EV/LES has become overrun with bars to the detriment of all other services, as they are the only ones who can afford the outrageous rents. You can’t make enough selling groceries or shining shoes in these neighborhoods any more to pay the bills.
Nobody wants all bars to disappear, we just want them to be managed, as many other cities do through zoning, and protecting the interests of the RESIDENTS. So many bars are now advocating serious drinking to even further raise their revenues to pay the disturbingly high rents, which leaves the streets full of very drunk people who are vomiting on the sidewalks and making an inordinate amount of noise as they stand around outside the bars screaming drunkenly into their cell phones and at each other. I live off the avenue and on the top floor, which sounds like it shouldn’t be impacted, but it’s like these crowds of people are right outside my window, and I can’t even see them when I look outside. It’s a din that travels.
Take this test: on a Saturday night, around midnight, walk north on Avenue A from 8th Street. You will notice how quiet it is, even with restaurants and bars doing a brisk business. Not creepy quiet, but not egregious. As you hit 11th Street you start to audibly hear the difference in noise from the bars that are on 12th-14th Street which cater to these large crowds. It is startling. You can’t really understand the issue until you’ve experienced it.
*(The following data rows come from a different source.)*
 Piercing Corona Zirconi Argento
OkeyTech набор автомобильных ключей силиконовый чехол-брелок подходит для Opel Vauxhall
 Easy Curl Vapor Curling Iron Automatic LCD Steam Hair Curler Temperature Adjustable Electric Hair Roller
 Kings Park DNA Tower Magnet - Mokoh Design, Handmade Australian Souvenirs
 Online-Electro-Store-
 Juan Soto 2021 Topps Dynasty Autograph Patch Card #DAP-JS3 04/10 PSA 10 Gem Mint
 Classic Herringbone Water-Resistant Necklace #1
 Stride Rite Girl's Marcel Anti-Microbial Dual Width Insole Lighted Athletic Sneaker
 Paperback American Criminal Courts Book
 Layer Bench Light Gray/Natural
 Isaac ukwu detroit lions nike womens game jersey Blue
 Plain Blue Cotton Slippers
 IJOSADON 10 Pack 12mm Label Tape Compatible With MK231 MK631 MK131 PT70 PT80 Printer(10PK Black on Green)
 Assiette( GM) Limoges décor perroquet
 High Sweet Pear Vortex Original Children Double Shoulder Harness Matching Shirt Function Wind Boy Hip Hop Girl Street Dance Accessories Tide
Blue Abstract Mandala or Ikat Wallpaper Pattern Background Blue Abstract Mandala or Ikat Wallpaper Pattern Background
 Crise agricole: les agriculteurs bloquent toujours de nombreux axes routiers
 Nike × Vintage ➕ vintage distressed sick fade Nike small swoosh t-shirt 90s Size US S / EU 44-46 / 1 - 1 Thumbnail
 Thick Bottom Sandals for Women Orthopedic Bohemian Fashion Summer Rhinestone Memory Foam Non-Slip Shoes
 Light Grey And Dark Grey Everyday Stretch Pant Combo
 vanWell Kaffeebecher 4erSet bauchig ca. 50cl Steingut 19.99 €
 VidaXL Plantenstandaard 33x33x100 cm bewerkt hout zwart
Many people will write in here and say that the residents’ voices shouldn’t matter, bars trump quality of life for the residents, we should be happy that there are any businesses still operating at all when so many storefronts are empty. But the stores are empty because the landlords won’t reduce their rents to accomodate other types of businesses. The EV/LES is a residential neighborhood. Look UP for once and you will see that it is fully packed with people living here. If you only look at eye level you might think it is your personal playground, which is a mistake.
It’s not like there were never bars in the EV, and for people who’ve lived here for decades we love it here because the nightlife was part of the great mix. The difference is the RECENT rude and loud people who come to visit and then are bad guests.
It hasn’t been like this in the past 30 years, and there has always been a nightlife here. But the temper has changed, that is a fact, and it isn’t for the good. There are fewer essential services – butcher, fishmonger, bodegas and groceries and other retailers that we would love to have back. Instead we have hookah bars and frat bars where those businesses used to be.
The density of the bars is the problem, coupled with some (not all by any stretch) bar owners who don’t care about being good neighbors by ensuring that their patrons stay inside their bars, but allow them to congregate on the sidewalk in great numbers. I once counted over 100 people standing on Avenue A & 13th St. at midnight. I think that calls for a parade permit.
Do Pigs Fly?
What breaks should city bars get? the ability to not soundproof their establishments, the ability to let the crowd go wild on the street. The ability to disturb teh community. What bias does CB3 have? If they were so biased then there would be no bars in the hood. Give me a break. Perhaps the city should just let the whole city to be bars!!!
Punish bar owners? Hmmmm….?
The capitalist do what the capitalists do – same as it ever was… But, whatever happened to holding individuals responsible for their behavior? Round ’em up. Throw them in the drunk tank.
The thought comes to me because of a discovery I made during a visit to an elderly friend in Bay Ridge. There on the stoop of a little row house on quiet Ridge Blvd. was the owner of one of the LES’s most heinous hookah bars in a tender moment with some children and a woman. Ah, happy, content, peaceful.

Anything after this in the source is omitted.